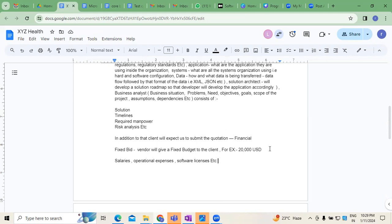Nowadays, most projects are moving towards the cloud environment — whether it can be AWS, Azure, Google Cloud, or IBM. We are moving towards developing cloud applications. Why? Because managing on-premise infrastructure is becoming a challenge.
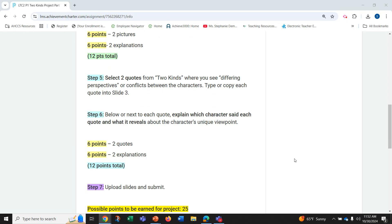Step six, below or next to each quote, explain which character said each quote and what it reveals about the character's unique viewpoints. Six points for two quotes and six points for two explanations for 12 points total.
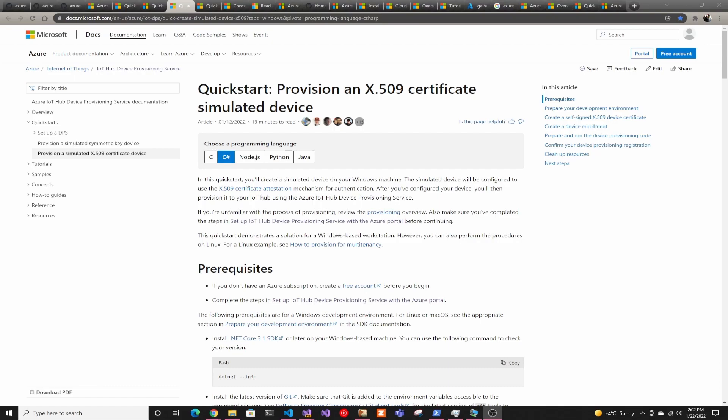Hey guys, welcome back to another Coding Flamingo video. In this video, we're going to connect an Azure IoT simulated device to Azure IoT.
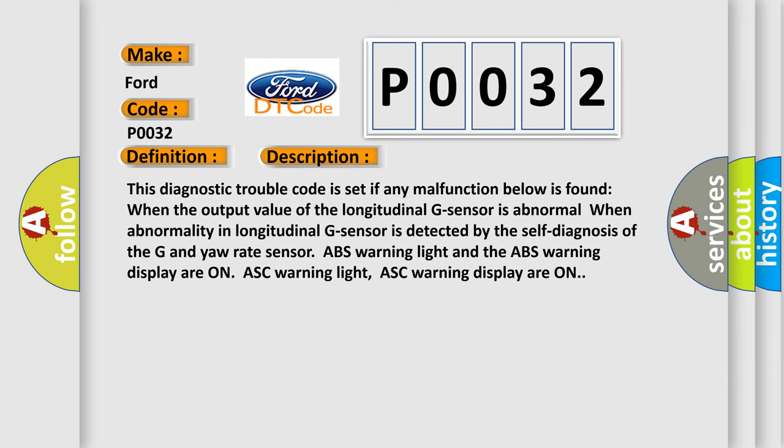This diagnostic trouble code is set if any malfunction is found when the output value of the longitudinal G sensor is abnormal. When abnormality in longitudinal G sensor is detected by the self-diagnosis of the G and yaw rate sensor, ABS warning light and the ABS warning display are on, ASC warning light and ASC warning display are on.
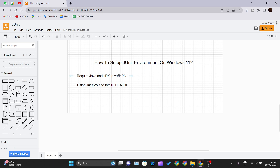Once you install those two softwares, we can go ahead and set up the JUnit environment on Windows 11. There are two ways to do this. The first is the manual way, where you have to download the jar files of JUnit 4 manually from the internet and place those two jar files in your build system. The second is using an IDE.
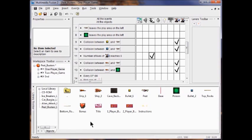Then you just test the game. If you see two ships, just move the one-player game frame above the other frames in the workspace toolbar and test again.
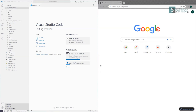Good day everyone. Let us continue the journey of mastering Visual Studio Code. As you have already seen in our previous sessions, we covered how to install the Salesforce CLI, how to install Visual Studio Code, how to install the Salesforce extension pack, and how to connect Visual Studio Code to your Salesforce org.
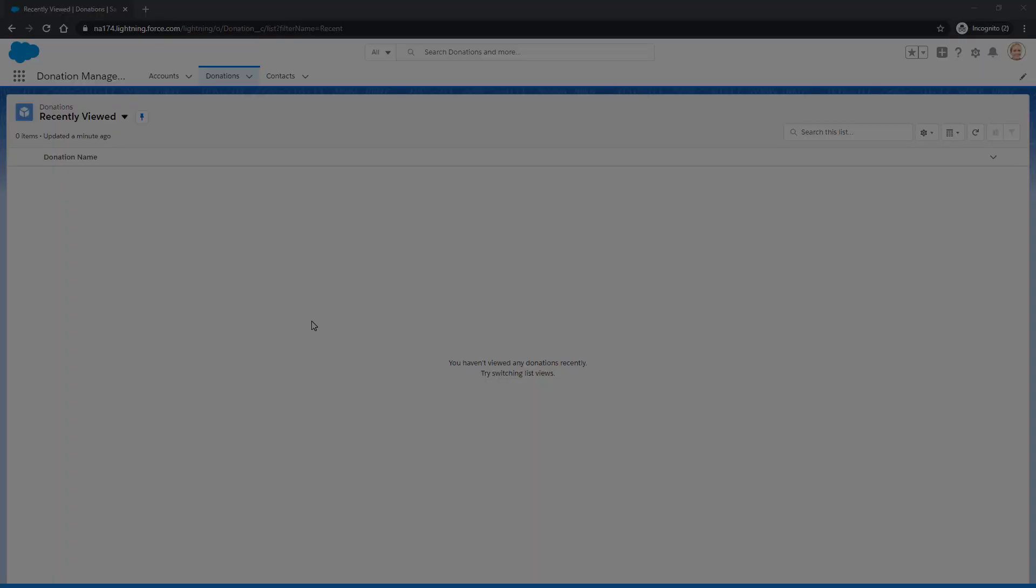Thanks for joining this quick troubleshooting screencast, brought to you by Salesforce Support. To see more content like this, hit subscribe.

# WHAT YOU WILL DO
Exactly the lines from the top of the listing through the line holding "Once you install" should be repeated, with pictures left out.

# ANSWER FOR THE TASK
Nowadays, most projects are moving towards the cloud environment — whether it can be AWS, Azure, Google Cloud, or IBM. We are moving towards developing cloud applications. Why? Because managing on-premise infrastructure is becoming a challenge.
Step six, below or next to each quote, explain which character said each quote and what it reveals about the character's unique viewpoints. Six points for two quotes and six points for two explanations for 12 points total.
Hey guys, welcome back to another Coding Flamingo video. In this video, we're going to connect an Azure IoT simulated device to Azure IoT.
This diagnostic trouble code is set if any malfunction is found when the output value of the longitudinal G sensor is abnormal. When abnormality in longitudinal G sensor is detected by the self-diagnosis of the G and yaw rate sensor, ABS warning light and the ABS warning display are on, ASC warning light and ASC warning display are on.
Once you install those two softwares, we can go ahead and set up the JUnit environment on Windows 11. There are two ways to do this. The first is the manual way, where you have to download the jar files of JUnit 4 manually from the internet and place those two jar files in your build system. The second is using an IDE.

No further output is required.